What is required:
Output only the lines of the entries that follow, starting at the one with "Custom Face Spooky Skeleton Hawaiian Shirt" and running down to the one with "Alix | Women's", both included and unchanged.

--- Given records Enclosed Below ---

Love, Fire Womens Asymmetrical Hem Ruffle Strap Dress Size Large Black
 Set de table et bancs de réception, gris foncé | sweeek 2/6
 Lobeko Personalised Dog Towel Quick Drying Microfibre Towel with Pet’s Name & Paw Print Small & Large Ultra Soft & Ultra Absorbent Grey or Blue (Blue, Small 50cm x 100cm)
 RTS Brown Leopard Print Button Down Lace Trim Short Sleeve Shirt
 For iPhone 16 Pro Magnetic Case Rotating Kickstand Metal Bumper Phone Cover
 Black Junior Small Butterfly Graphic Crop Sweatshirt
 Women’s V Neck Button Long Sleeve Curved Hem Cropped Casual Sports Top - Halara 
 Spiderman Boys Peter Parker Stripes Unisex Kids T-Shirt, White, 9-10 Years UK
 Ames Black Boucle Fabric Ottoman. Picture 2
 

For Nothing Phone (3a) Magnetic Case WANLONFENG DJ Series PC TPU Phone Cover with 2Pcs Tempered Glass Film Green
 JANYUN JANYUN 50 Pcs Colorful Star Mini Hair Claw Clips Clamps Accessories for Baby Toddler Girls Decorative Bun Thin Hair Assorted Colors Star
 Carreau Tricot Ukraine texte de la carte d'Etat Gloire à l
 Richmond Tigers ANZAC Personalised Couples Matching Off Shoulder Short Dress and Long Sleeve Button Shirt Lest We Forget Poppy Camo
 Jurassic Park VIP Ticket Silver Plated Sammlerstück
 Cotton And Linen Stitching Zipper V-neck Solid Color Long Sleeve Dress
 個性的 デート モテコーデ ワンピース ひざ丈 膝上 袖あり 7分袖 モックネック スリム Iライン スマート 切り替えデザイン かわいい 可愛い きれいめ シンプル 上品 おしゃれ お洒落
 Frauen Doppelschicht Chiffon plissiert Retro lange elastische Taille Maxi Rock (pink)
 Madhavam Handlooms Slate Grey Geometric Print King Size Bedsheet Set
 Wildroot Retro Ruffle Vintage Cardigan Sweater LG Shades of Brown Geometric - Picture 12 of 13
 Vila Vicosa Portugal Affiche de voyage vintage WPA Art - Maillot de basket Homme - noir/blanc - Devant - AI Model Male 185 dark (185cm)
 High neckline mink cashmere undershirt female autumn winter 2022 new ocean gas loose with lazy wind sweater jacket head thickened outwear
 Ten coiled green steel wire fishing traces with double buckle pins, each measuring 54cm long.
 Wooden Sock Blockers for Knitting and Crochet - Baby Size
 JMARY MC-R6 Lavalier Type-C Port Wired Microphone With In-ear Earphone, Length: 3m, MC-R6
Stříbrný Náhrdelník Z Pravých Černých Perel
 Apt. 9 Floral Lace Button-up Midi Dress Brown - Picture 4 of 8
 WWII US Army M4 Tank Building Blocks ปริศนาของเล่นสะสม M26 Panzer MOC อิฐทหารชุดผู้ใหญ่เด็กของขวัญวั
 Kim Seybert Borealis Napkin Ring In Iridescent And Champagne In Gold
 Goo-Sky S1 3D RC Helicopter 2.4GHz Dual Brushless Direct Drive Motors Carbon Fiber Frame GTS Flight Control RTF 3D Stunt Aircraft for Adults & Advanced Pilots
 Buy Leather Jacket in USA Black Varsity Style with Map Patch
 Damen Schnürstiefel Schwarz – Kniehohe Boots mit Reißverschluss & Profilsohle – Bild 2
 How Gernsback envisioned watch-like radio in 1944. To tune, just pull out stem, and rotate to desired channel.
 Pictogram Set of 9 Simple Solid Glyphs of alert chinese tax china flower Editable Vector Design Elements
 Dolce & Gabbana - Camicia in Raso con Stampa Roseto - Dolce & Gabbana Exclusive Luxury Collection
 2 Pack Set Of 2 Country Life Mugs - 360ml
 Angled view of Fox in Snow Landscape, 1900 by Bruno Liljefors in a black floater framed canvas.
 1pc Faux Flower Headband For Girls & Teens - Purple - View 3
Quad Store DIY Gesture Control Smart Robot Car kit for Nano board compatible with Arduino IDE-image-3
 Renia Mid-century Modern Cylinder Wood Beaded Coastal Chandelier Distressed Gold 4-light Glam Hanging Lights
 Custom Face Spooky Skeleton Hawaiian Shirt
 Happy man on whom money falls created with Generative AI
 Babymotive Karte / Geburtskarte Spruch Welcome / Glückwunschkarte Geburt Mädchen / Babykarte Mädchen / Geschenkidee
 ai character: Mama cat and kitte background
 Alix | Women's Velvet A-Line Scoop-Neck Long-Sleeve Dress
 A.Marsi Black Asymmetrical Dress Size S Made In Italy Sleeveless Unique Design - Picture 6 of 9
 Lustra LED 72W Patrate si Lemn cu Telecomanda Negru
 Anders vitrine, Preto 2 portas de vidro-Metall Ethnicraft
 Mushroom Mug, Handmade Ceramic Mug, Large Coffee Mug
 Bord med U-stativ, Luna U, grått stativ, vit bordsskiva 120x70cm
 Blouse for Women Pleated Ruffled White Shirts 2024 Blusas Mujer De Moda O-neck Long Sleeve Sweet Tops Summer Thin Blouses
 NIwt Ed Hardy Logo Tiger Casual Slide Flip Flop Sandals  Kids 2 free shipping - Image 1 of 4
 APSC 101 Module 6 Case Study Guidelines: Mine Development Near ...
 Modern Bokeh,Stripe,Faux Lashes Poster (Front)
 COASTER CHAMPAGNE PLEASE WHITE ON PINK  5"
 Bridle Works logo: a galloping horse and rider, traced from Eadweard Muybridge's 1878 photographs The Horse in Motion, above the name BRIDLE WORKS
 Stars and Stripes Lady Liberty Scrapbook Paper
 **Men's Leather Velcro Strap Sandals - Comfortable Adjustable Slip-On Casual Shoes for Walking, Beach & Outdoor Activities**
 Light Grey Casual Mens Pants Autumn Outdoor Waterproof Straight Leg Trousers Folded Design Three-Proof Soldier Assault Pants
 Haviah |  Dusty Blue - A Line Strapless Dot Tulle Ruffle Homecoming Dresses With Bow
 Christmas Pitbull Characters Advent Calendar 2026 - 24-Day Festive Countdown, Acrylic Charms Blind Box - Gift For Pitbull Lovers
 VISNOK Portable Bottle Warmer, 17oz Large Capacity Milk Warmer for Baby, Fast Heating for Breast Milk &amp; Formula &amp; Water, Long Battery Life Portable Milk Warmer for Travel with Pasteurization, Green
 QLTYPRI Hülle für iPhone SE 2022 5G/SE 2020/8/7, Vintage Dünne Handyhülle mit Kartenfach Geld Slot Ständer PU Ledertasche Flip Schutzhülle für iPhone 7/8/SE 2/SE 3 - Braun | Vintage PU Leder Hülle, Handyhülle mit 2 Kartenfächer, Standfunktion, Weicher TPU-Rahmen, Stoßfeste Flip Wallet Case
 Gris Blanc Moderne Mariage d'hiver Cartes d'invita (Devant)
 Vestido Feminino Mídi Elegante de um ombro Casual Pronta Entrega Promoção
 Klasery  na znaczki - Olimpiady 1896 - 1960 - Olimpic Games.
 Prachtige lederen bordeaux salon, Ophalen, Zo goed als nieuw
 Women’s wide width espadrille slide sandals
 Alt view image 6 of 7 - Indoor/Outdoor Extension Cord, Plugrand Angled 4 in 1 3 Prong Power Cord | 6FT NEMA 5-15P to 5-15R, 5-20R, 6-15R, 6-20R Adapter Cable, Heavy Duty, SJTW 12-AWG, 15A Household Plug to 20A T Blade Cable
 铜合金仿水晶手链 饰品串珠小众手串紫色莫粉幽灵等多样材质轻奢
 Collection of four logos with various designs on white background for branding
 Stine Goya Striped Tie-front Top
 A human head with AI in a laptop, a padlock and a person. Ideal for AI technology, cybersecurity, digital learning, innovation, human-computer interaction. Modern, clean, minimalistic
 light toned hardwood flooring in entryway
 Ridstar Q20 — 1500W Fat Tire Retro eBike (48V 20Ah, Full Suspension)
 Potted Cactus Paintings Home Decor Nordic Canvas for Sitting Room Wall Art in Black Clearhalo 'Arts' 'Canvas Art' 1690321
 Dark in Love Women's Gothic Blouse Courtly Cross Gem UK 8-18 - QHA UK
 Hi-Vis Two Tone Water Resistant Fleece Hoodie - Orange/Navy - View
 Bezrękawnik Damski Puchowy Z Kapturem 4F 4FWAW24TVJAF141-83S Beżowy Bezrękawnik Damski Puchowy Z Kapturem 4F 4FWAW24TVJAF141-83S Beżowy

--- End of Enclosed Given records ---

Your solution:
 Custom Face Spooky Skeleton Hawaiian Shirt
 Happy man on whom money falls created with Generative AI
 Babymotive Karte / Geburtskarte Spruch Welcome / Glückwunschkarte Geburt Mädchen / Babykarte Mädchen / Geschenkidee
 ai character: Mama cat and kitte background
 Alix | Women's Velvet A-Line Scoop-Neck Long-Sleeve Dress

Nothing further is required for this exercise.